01/05/1968 VAIDYIALINGAM, C.A.

VAIDYIALINGAM, C.A.

RAMASWAMI, V.

CITATION: 1969 AIR 4 1969 SCR (1) 188

ACT:

Opium Act (1 of 1878), as applicable to Madhya PradeshSeizure and Report by Police Officer-Trial under Cr. P. C.

whether s. 251A or s. 252 Cr. P.C . applicable.

HEADNOTE:

On receiving information, that opium was being smuggled and secretly kept in the house of the appellants, the SubInspector of Police with a police party raided their house, and recovered large quantity of opium from the courtyard of the house. The Sub-Inspector of Police made the report and the trial followed. The appellants' plea that they were living separately and that one A had thrown the bundle, was rejected by the courts below, and they were convicted under s. 120B I.P.C. and s. 9(a) of the Opium Act. In the appeal to this Court, the appellants contended that the trial, which was held, under s. 251A of the Code of Criminal Procedure, was vitiated, as it should have been properly held only under s. 252 Cr. P.C.

HELD : There was no illegality in the trial.

In this case the investigation was done by a police officer.

the seizure ,of the articles and the report to the Magistrate was made by the Police Officer. It was on this report of the police officer that the Magistrate acted further, and the trial also followed. In respect of a trial conducted by a Magistrate on a report made by a police officer, under the Opium Act,as applicable to the State of Madhya Pradesh, for an offence under that Act, s. 251A Cr.

P.C. is applicable. [192 F-H] Amalshah v. State of Madhya Pradesh, unreported decision, in Cr. A. No. 201/63, dt. 11-12-64, followed.

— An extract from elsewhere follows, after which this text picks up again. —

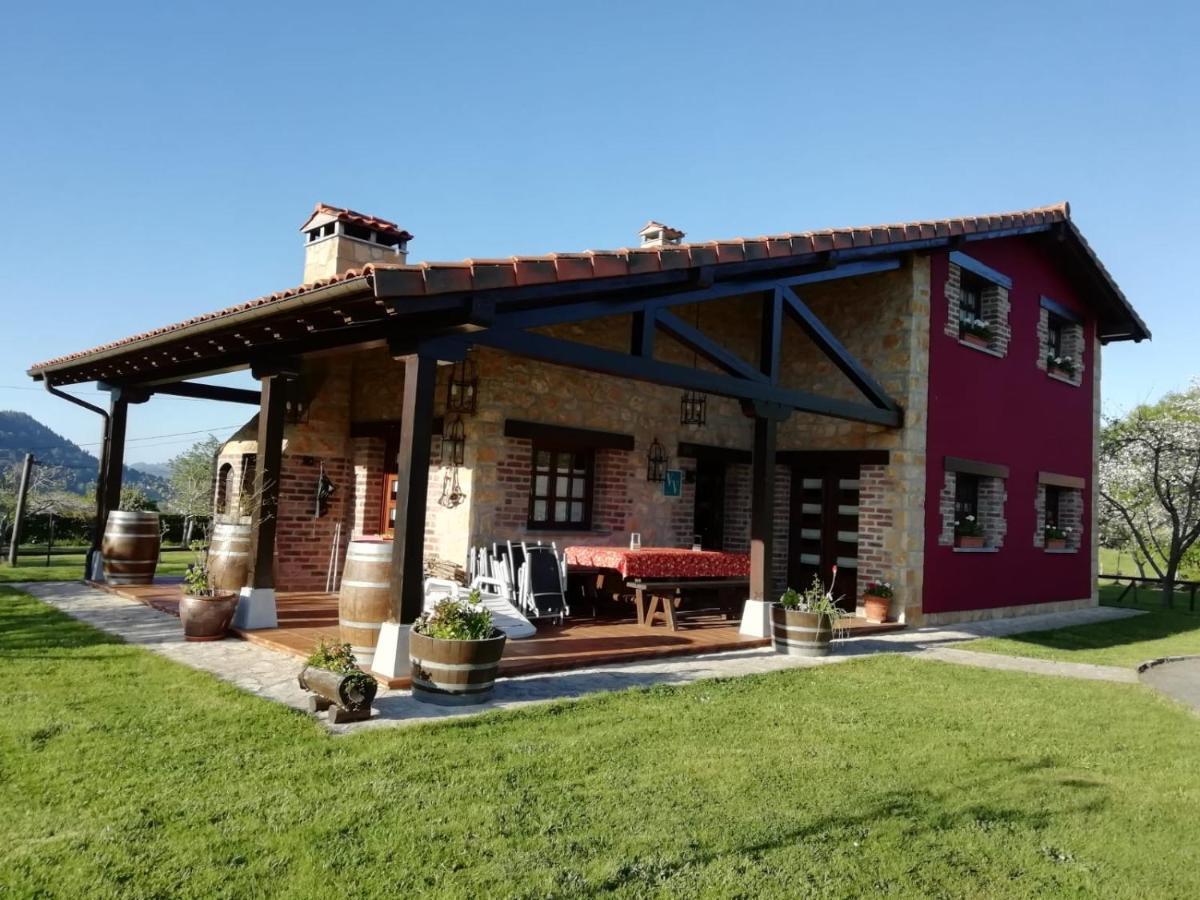 La Milonga Villa Pilona Bagian luar foto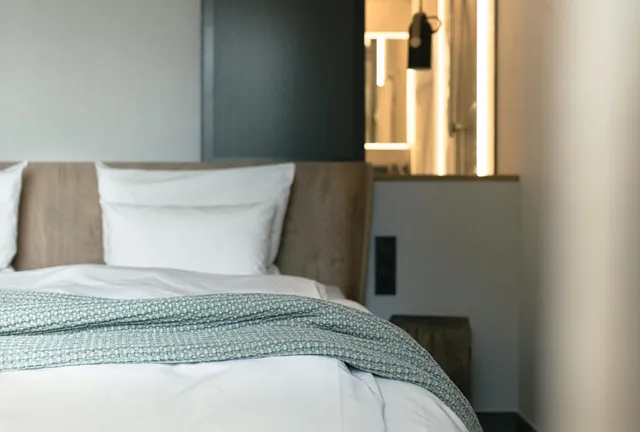 Deluxe, King Bed, Hotel Vierjahreszeiten Iserlohn 10/10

CRIMINAL APPELLATE JURISDICTION: Criminal Appeal No. 128 of 1966.

Appeal by special leave from the judgment and order dated December 23, 1965 of the Madhya Pradesh High Court (Indore Bench) in Criminal Revision No. 131 of 1964.

C. L. Sareen and R. L. Kohli, for the appellants.

I. N. Shroff, for the respondent.

The Judgment of the Court was delivered by Vaidialingam, J. This is an appeal, by special leave, in which the appellants challenge the propriety and correctness, of the order of the Madhya Pradesh High Court confirming their conviction, under s. 120B, IPC, and S. 9(a), of the Opium Act, 1878 (Act I of 1878) (hereinafter called the Act). Appellants 2 and 3 are the sons of the first appellant, and the 4th appellant, since deceased, was his nephew.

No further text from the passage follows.